Kolkata: Hopes of the Board of Control for Cricket in India (BCCI) in changing the International Cricket Council’s (ICC) stance on the revenue sharing plans and governance structure were dealt with a body blow after the international body voted against the same on Wednesday calling for a change in the revenue and governance system.
The first day of the two-day ICC Board meeting in Dubai saw both the restructured revenue model and the change in the governance system put up to be voted for or against by the members.
The Indian cricket board lost the vote on the ‘governance and constitutional changes’ by a whopping 1-9 margin and the vote on the revenue model, which was even more important saw the BCCI losing out on a 2-8 margin. Sri Lanka was the only country that voted for the BCCI.
A senior BCCI functionary present in Dubai told the news agency PTI, “Yes, the votings are over. It was 8-2 in favour of revamped revenue model and 9-1 in favour of constitutional changes,”
“The BCCI has voted against both as we had, in principle, maintained that all these changes are completely unacceptable for us. At this point, we can only say that all options are open for us. We would have to go back to our SGM and apprise the members of the situation” he further added.
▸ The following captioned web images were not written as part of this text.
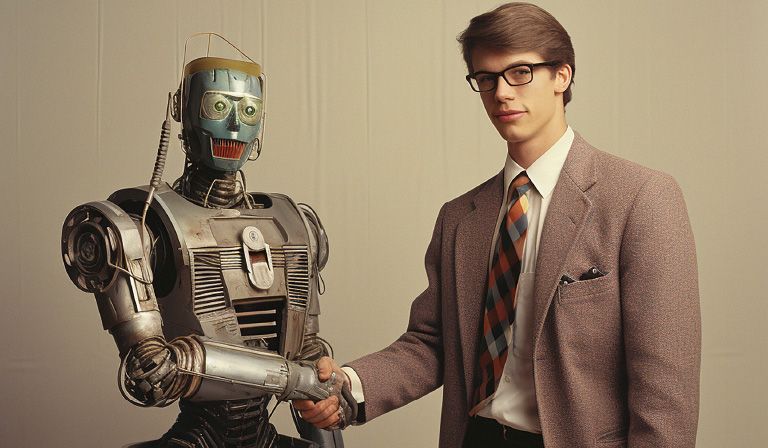 [Image: e857b191e37bea0b5a4fd23daf111424.jpg]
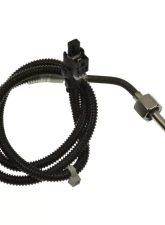 Intermotor Exhaust Gas Temperature Sensor Standard Ignition ETS201                                     - ETS201 - Image 3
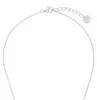 Joop Kette mit Herzanhänger 925er Silber 2039689 Produktbild-Vorschau 6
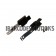 Replacement For OEM Symbol MC9590 Battery door Latch Holder （Used, Tested）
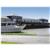 Howard Johnson Hotel & Marinas San Pedro Resort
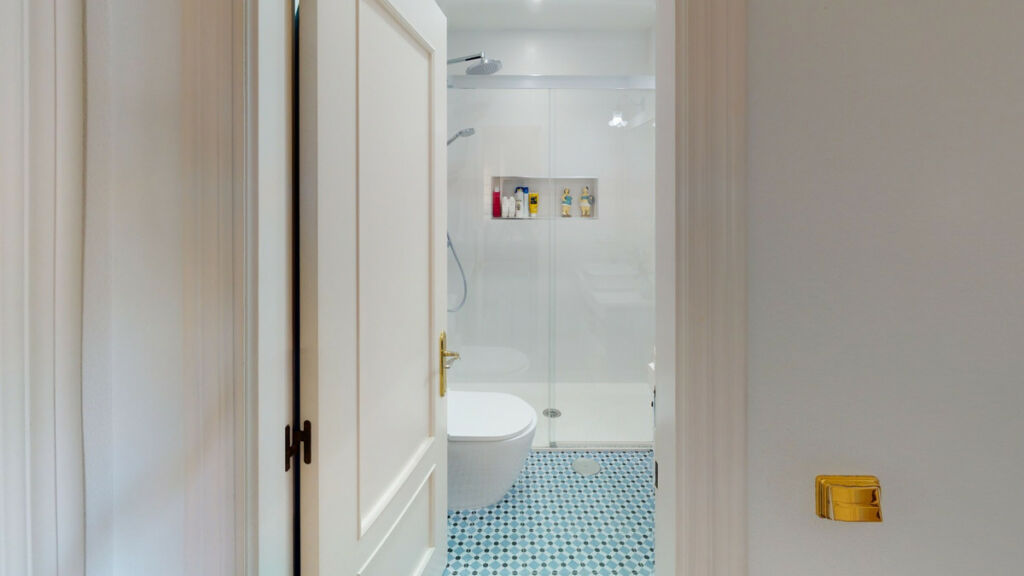 Penthouse Torre del Mar Málaga - image 18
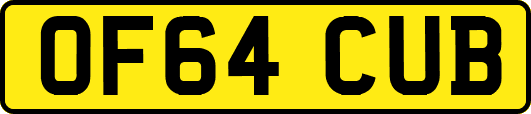 OF64CUB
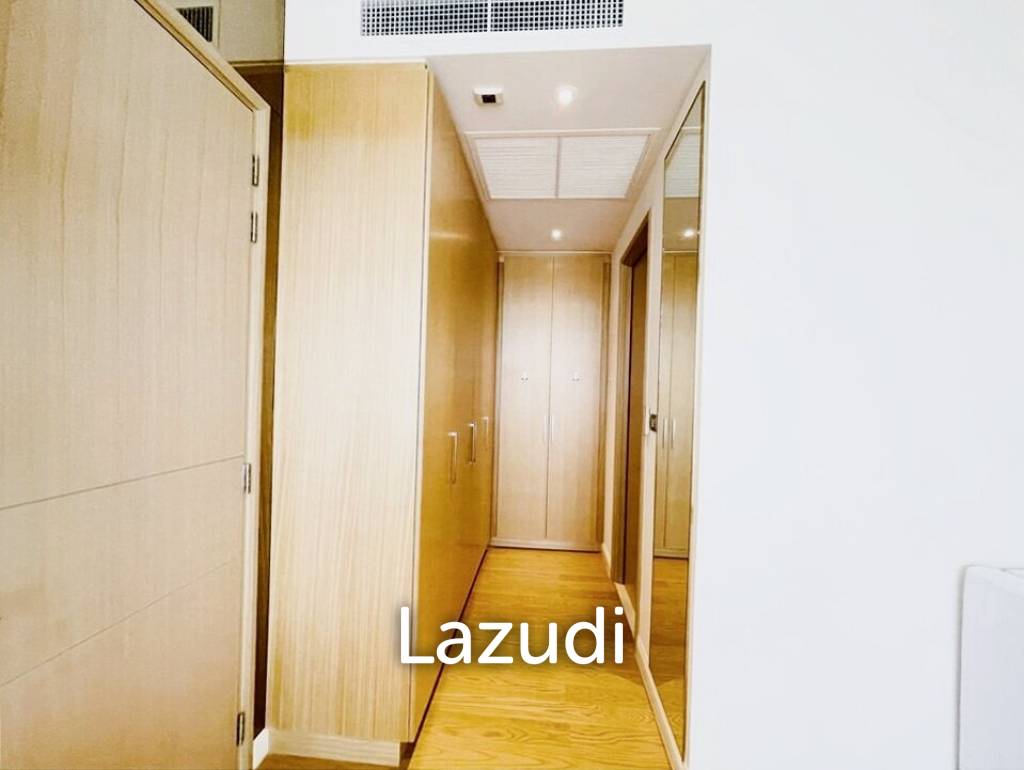 รูป 1 Bed 61 SQ.M Magnolias Waterfront Residences - รูปที่ 6/12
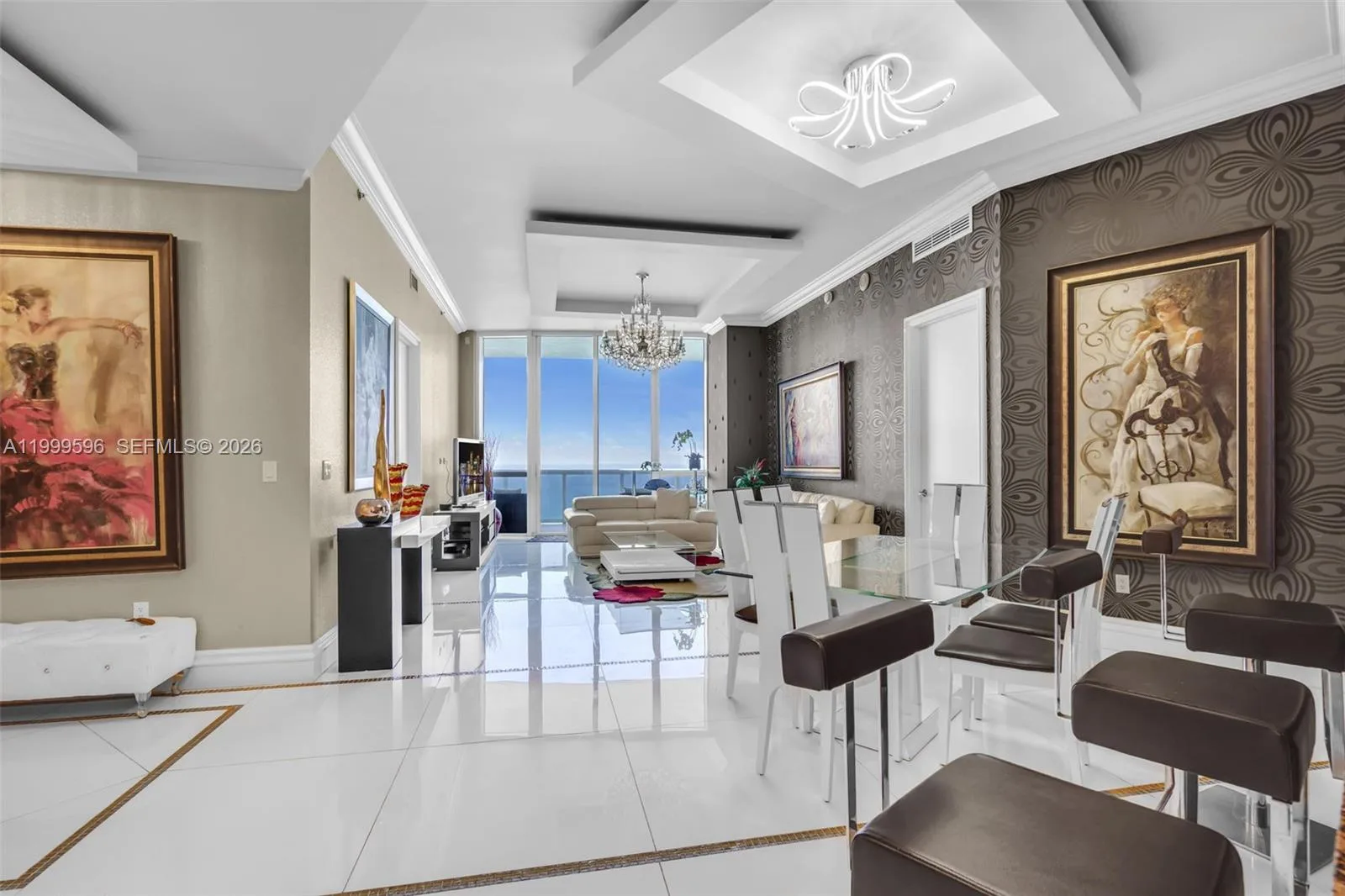 16001 Collins Ave # 3203, Sunny Isles Beach, FL 33160 photo 8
From sources we also learn that after the BCCI rejected an additional 100 million payout in revenue, it was given the option of USD 290 million which is a USD 280 million cut from the USD 570 million that India was getting till last year.
With the current scheme of things, it is very evident that the BCCI isn’t at all pleased with the way things have progressed so far. Also, there’s a high chance of them pulling out of the upcoming Champions Trophy which would result in the loss of a lot of revenue for the ICC as India is one of the most followed cricket teams in the world.